Records drawn from a dataset
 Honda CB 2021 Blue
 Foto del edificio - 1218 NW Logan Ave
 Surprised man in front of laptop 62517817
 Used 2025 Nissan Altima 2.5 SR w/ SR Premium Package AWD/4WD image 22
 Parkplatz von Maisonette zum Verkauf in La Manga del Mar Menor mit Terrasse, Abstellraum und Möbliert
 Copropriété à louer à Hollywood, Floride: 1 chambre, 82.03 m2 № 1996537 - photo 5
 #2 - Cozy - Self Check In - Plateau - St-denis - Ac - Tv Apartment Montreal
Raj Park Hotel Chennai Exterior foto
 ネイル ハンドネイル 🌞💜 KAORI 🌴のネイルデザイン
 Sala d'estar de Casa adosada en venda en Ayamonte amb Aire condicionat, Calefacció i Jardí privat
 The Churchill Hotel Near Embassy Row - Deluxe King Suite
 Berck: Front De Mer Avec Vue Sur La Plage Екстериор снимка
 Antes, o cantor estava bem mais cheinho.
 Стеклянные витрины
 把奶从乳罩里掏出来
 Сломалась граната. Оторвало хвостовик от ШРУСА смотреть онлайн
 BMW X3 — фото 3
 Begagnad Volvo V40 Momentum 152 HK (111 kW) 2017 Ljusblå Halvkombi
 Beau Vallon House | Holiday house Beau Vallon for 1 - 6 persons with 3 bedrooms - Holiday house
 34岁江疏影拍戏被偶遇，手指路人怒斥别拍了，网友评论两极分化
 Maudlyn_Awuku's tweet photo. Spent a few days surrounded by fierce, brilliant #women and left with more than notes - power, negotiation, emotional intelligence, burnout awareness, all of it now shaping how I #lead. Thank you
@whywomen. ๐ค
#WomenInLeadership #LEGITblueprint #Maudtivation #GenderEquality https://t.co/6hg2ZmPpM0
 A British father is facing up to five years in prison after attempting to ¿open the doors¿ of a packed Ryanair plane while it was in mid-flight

Problem description
Lines with "Hotel" in them are what the answer must contain; copy each from the records above.

Response
Raj Park Hotel Chennai Exterior foto
 The Churchill Hotel Near Embassy Row - Deluxe King Suite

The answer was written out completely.